Court of Appeals of Ohio
Apr 8, 1931
175 N.E. 874 (Ohio Ct. App. 1931)

Opinion

Decided April 8, 1931.

Criminal law — Intoxicating liquors — Third offense — Unlawful possession — Accused entitled to hearing on petition to return liquor, before trial — Trial court not bound by adverse ruling on preliminary hearing — Complaint against refusal of preliminary hearing, waived — No objection or exception to introduction of liquor upon trial.

1. One indicted on a so-called third offense liquor charge has the right to present and have heard by the trial court at any time before he goes on trial under the indictment a petition or motion for the return to him of the intoxicating liquor, the possession of which is the basis of the indictment against him. The trial court is not bound by the action of the examining magistrate in passing adversely upon a similar motion or petition filed at the time of the preliminary hearing.

2. However, when such trial court has refused to hear and pass upon such motion or petition before proceeding with the trial, and in the course of the trial under the indictment the liquor is offered in evidence without objection or exception thereto on the part of the accused, he cannot afterwards complain of the refusal of the trial court to hear and determine his motion or petition.

ERROR: Court of Appeals for Ashland county.

Mr. L.A. Straits, for plaintiff in error.

Mr. H.E. Culbertson, for defendant in error.


This is a proceeding in error, brought from the common pleas court of Ashland county, seeking the reversal of the judgment of that court, wherein the plaintiff in error, Hobart Marks, was convicted under what is termed a third offense liquor charge. There are a number of assignments of error, all of which have been considered, but only one of which we deem it necessary to discuss, finding the other assignments not well taken.

Complaint is made on the part of the plaintiff in error that the court of common pleas, before hearing this action, refused to hear a motion or petition then filed for the return to the plaintiff in error of the intoxicating liquor, for the possession of which he was charged.

It is a well-recognized rule of the courts of Ohio, to which rule this court adheres, that, when a motion or petition is filed for the return to the defendant of the intoxicating liquor, such motion or petition must be heard by the court before whom the motion or petition is filed prior to the trial of the criminal prosecution. See Blatnik v. State, 23 Ohio App. 137, 154 N.E. 814, and Gilmore v. State, 15 Ohio App. 432.

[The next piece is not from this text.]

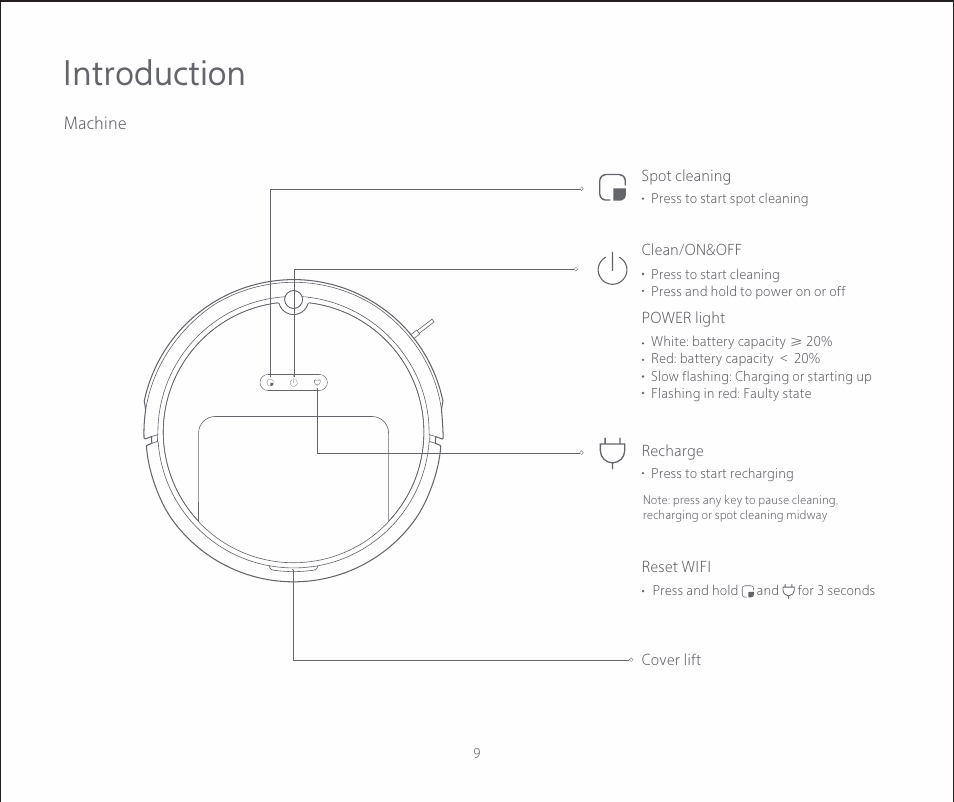 Introduction | Roborock E2 User Manual | Page 11 / 28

In the case at bar the record shows the following situation:

"After the opening of the day's session of court and before the impaneling of the jury to try the case, a motion was made by L.A. Straits, counsel for the defendant, for the return of the seized property, dismissal, and order for the sheriff to return same, which motion was duly argued orally to the court, and the court refused to permit the defense to introduce any witnesses in support of said motion, and a copy of which motion, in writing, is hereto attached, and made a part of this bill of exceptions.

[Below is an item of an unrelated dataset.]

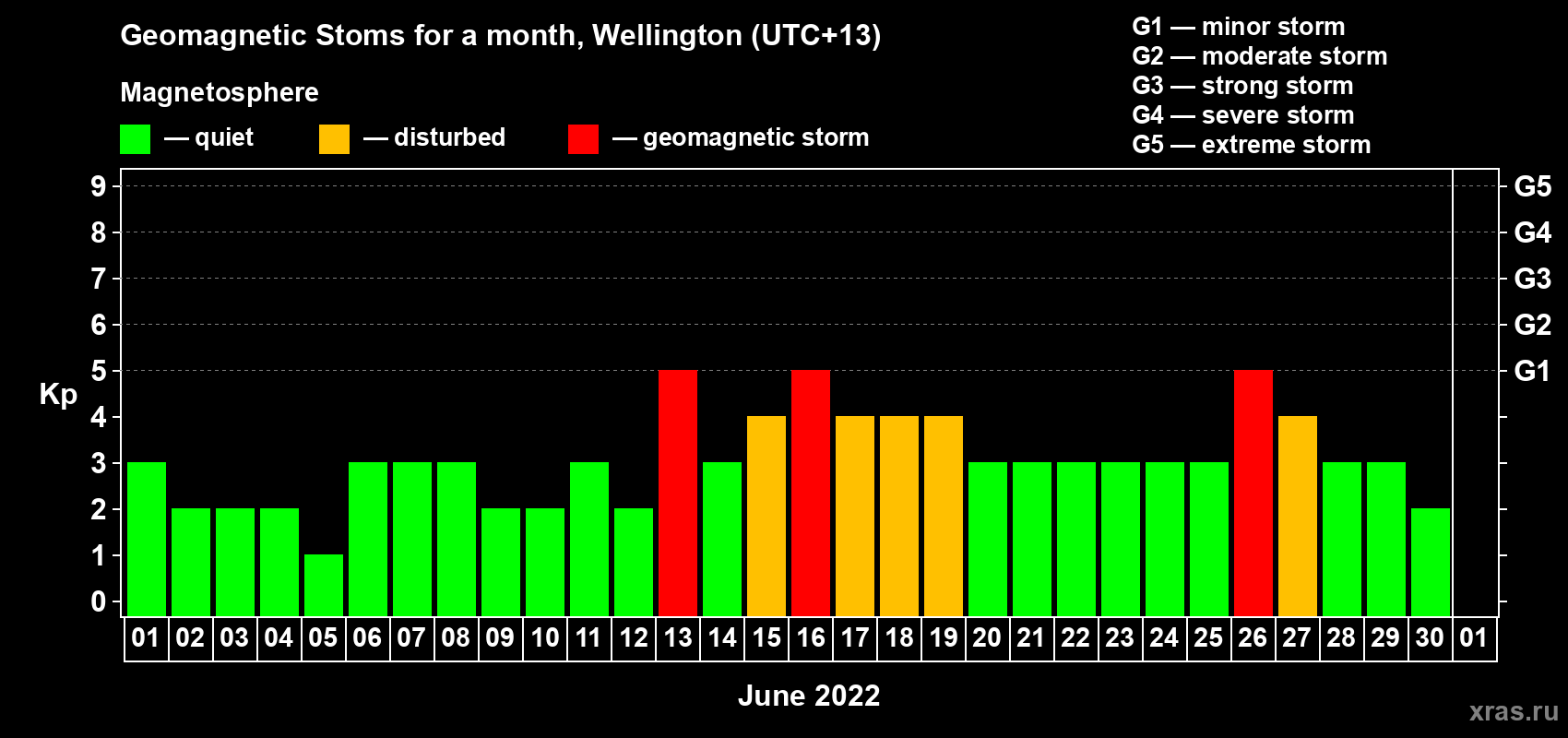 Changes in the maximum daily geomagnetic index Kp in June 2022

"Whereupon, the Court announced that it would defer passing on the motion at that time, but would do so at the conclusion of the evidence, and exceptions were noted."

Just before the concluding of the state's evidence the prosecutor offered Exhibit A, a glass jug containing the liquor, which had been identified as the jug taken from the premises of the plaintiff in error. No exception was taken to the offering of this jug.

At the conclusion of all the evidence, and just prior to the arguments of counsel, the record shows this statement: "The motion referred to upon page 3 of the bill of exceptions was by the court overruled and exceptions were noted."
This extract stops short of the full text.